Reprint the lines below as they are, minus the pictures.

## DATA BLOCK
════════════════════
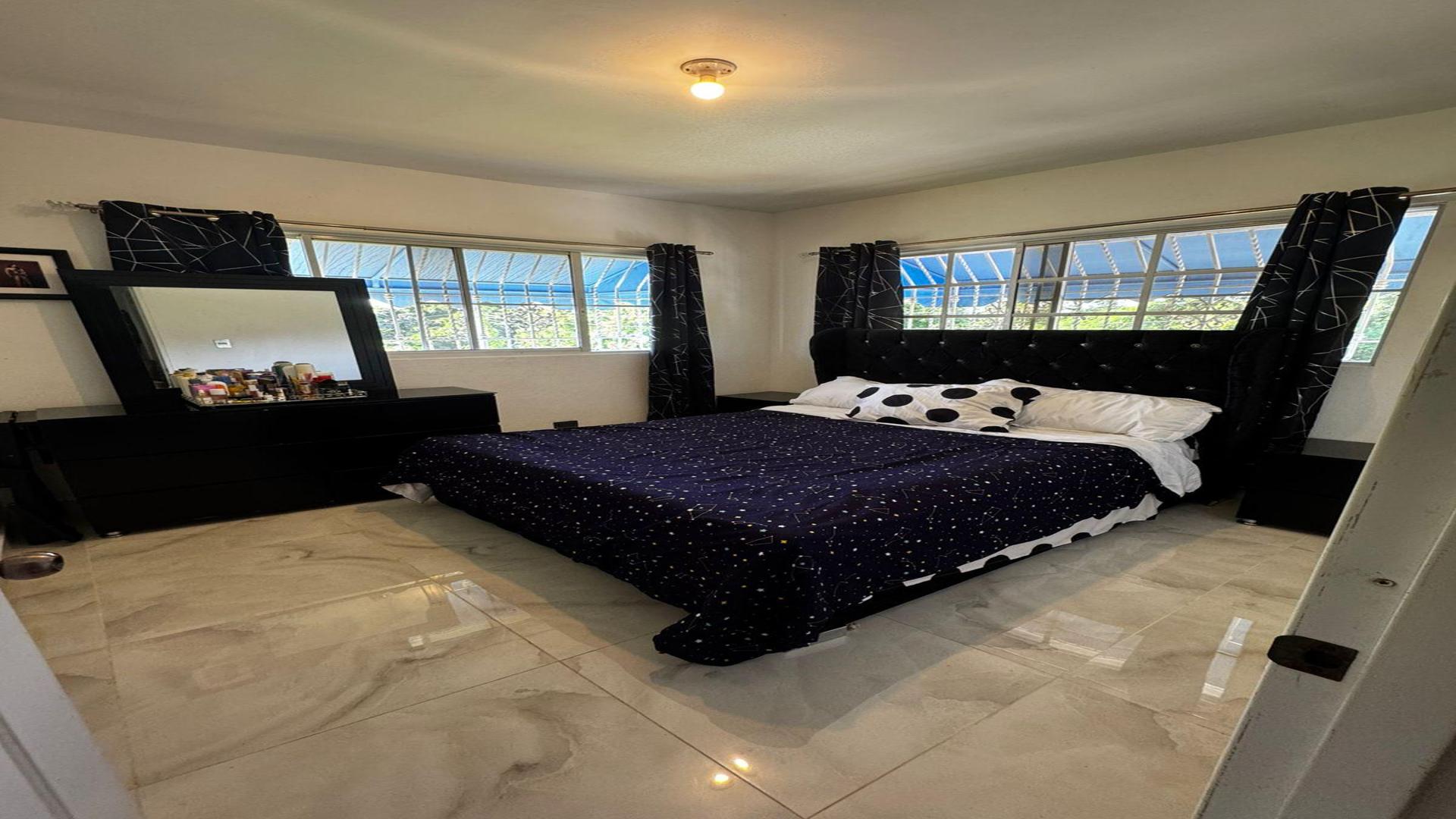 apartamentos - Se vende apartamento en Villa Mella 6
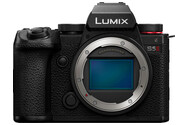 Aparat bezlusterkowy Panasonic S5II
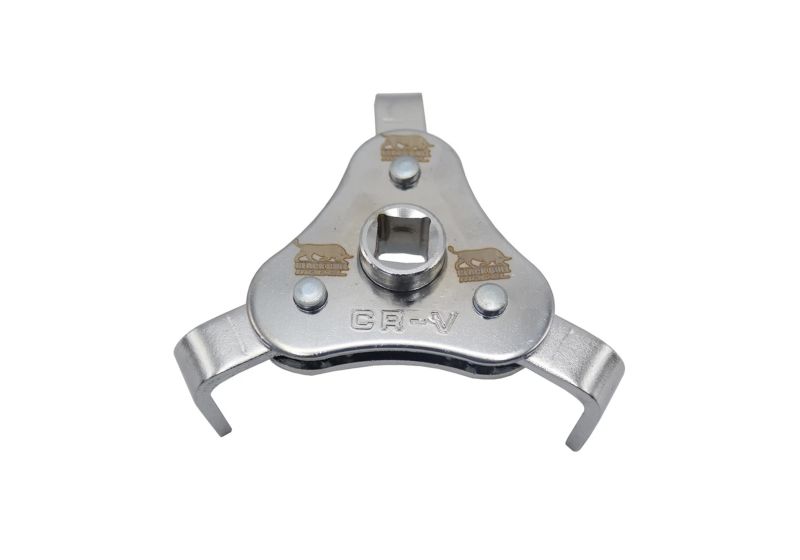 RSCo HDPE pipe strap wrench with suitable price and quality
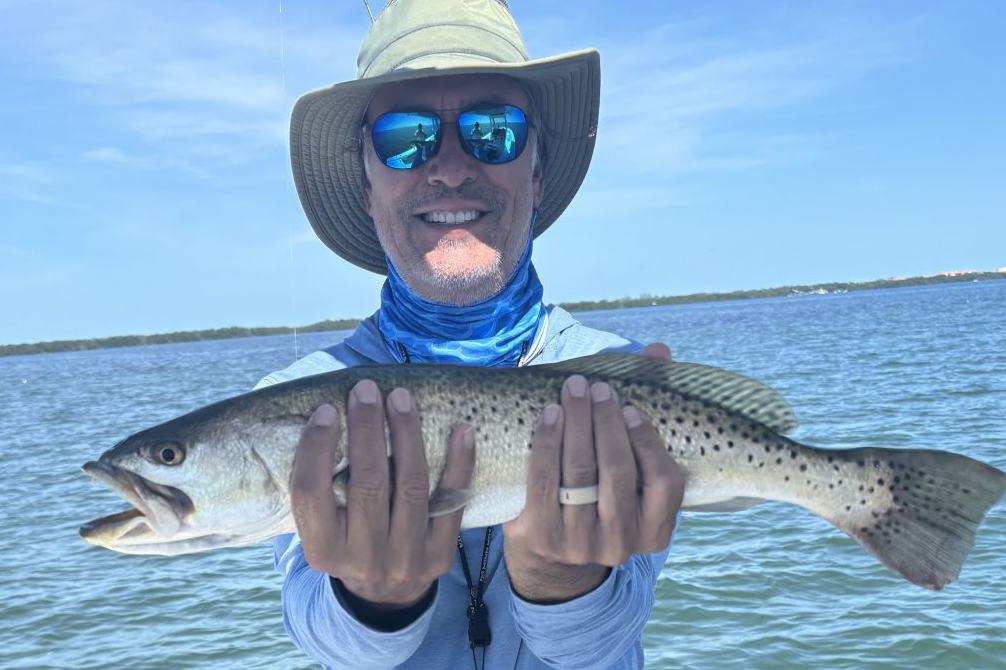 INSHORE-trout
════════════════════
## RESULT FOR THIS TASK
 apartamentos - Se vende apartamento en Villa Mella 6
 Aparat bezlusterkowy Panasonic S5II
 RSCo HDPE pipe strap wrench with suitable price and quality
 INSHORE-trout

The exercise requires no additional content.